On Mon, Apr 8, 2013 at 10:02 AM, Mark Davidson <mark@4each.co.uk> wrote:
Been trying to progress with this today. Decided to setup the database on my local machine to try a few things and I'm getting much more sensible results and a totally different query plan http://explain.depesz.com/s/KGd in this case the query took about a minute but does sometimes take around 80 seconds.
The config is exactly the same between the two database. The databases them selves are identical with all indexes the same on the tables.
The server has an 2 x Intel Xeon E5420 running at 2.5Ghz each, 16GB RAM and the database is just on a SATA HDD which is a Western Digital WD5000AAKS.
My desktop has a single i5-3570K running at 3.4Ghz, 16GB RAM and the database is running on a SATA HDD which is a Western Digital WD1002FAEX-0
Could anyone offer any reasoning as to why the plan would be so different across the two machines?
The estimated costs of the two plans are very close to each other, so it doesn't take much to cause a switch to happen.

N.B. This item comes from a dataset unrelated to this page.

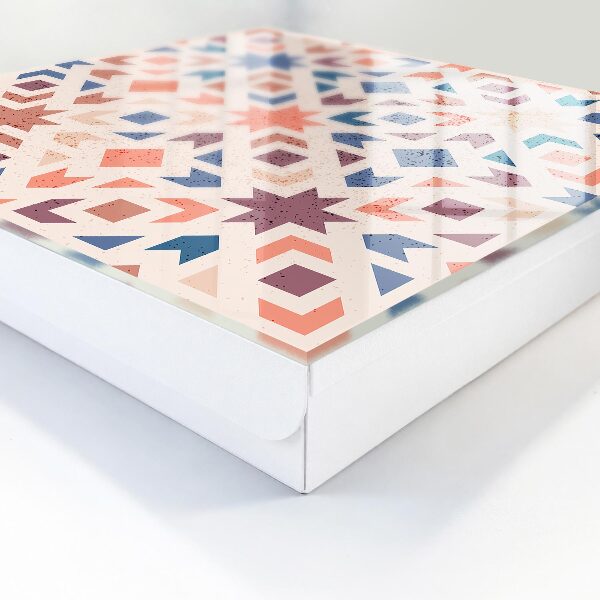 Key box Geometric pattern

Is the test instance a binary copy of the production one (i.e. created from a base backup) or is it only a logical copy (e.g. pg_dump followed by a restore)? A logical copy will probably be more compact than the original and so will have different slightly estimates.
You could check pg_class for relpages on all relevant tables and indexes on both servers.
Also, since ANALYZE uses a random sampling for large tables, the estimates can move around just by chance. If you repeat the query several times with an ANALYZE in between, does the plan change, or if not how much does the estimated cost change within the plan? You could check pg_stats for the relevant tables and columns between the two servers to see how similar they are.
The estimated cost of a hash join is very dependent on how frequent the most common value of the hashed column is thought to be. And the estimate of this number can be very fragile if ANALYZE is based on a small fraction of the table. Turning up the statistics for those columns might be worthwhile.